En France, environ 20 % des femmes d'origine africaine auraient recours à des produits éclaircissant la peau (licites et surtout illicites : dermocorticoïdes d’activité très forte détournés de leurs indications médicales, hydroquinone, voire dérivés mercuriels). La prévalence des effets secondaires s'élève à 16 voire 28 % chez cette population vivant en région parisienne.
La dépigmentation volontaire est en fait un phénomène qui touche toute l'Afrique, en particulier, le sud du Sahara avec des proportions qui montent à 67 % chez les femmes sénégalaises, 35 % au Rwanda ou en Afrique du sud, ou encore 44 % au Burkina Faso et 59 % au Togo. Les hommes s'y plient au Congo, au Nigéria, en Afrique du Sud. La pratique est aussi très répandue en Inde, en Asie, en Arabie Saoudite, ou encore en Amérique du Sud.
Pourtant les risques sont réels. Parmi les effets secondaires le plus souvent observés dans son service de dermatologie à l'hôpital Saint-Louis (AP-HP), le Pr Martine Bagot cite l'atrophie cutanée, des vergetures irréversibles (qui touchent 7 à 44 % des utilisatrices, selon l'Agence nationale de sécurité du médicament - ANSM), l'acné (12 à 53 %), des cas d'hyperpilosité. Dans une évaluation datée d'octobre 2011, l'ANSM (alors AFSSAPS) accuse l'utilisation détournée de corticoïdes de provoquer ou d'aggraver des dermatoses infectieuses et cite les dermatophyties, la gale, les pyodermites superficielles, les dermohypodermites bactériennes (érysipèle), et le pityriasis versicolor.
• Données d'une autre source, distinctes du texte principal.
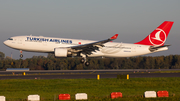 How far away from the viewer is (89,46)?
130 feet

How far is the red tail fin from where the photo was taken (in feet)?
150

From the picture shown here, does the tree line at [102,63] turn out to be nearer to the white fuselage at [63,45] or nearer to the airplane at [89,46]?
the airplane at [89,46]

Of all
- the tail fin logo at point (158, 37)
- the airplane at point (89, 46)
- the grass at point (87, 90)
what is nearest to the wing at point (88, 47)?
the airplane at point (89, 46)

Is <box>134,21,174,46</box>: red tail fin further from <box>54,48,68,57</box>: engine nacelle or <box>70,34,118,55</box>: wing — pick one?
<box>54,48,68,57</box>: engine nacelle

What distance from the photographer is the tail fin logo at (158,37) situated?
150ft

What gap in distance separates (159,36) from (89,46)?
15.0 metres

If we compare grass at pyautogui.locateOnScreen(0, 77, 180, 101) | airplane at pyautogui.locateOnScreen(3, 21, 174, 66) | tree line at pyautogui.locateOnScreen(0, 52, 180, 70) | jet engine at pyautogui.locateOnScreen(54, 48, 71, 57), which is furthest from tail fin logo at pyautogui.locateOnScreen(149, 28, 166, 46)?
grass at pyautogui.locateOnScreen(0, 77, 180, 101)

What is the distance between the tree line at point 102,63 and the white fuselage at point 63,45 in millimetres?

Des complications systémiques ont été également rapportées (surtout dans des études menées au Sénégal) : hypercorticisme (syndrome de Cushing), hypertension artérielle, diabète, complications rénales et petit poids des nouveau-nés (lors d'une application pendant la grossesse, extrêmement fréquente au Sénégal). L'hydroquinone provoque différentes manifestations de dermatoses dyschromiantes.
Informer et sensibiliser
L'ANSM et la direction générale de la concurrence, de la consommation et de la répression des fraudes (DGCCRF) ont mené des campagnes de contrôle du marché en 2009 et 2010 ; régulièrement et encore en 2016, l'ANSM suspend des produits à visée éclaircissante.
« Ces produits sont vendus sous le manteau et utilisés pendant des années car c'est un cercle vicieux. Pour le rompre, il faut informer et faire prendre conscience aux personnes des dangers sanitaires que représentent ces produits », explique le Pr Bagot. Mais l'information n'est pas toujours audible, face aux normes culturelles et sociales : « Des patient(e) s ne disent pas toujours aux médecins qu'elles ont recours à ces produits, ou sont dans le déni », poursuit la chef de service. En termes de prise en charge, l'arrêt de tout produit dépigmentant est primordial, « mais cela est souvent progressif, les personnes doivent être aidées », constate le Pr Bagot, parlant d'addiction. Puis chaque dermatose doit être traitée spécifiquement.
Plusieurs associations communautaires aident à faire passer le message, comme Uraca dans le 18e arrondissement de Paris. Mais malgré une prise de conscience des enjeux sanitaires de plus en plus claire, les comportements peinent à changer.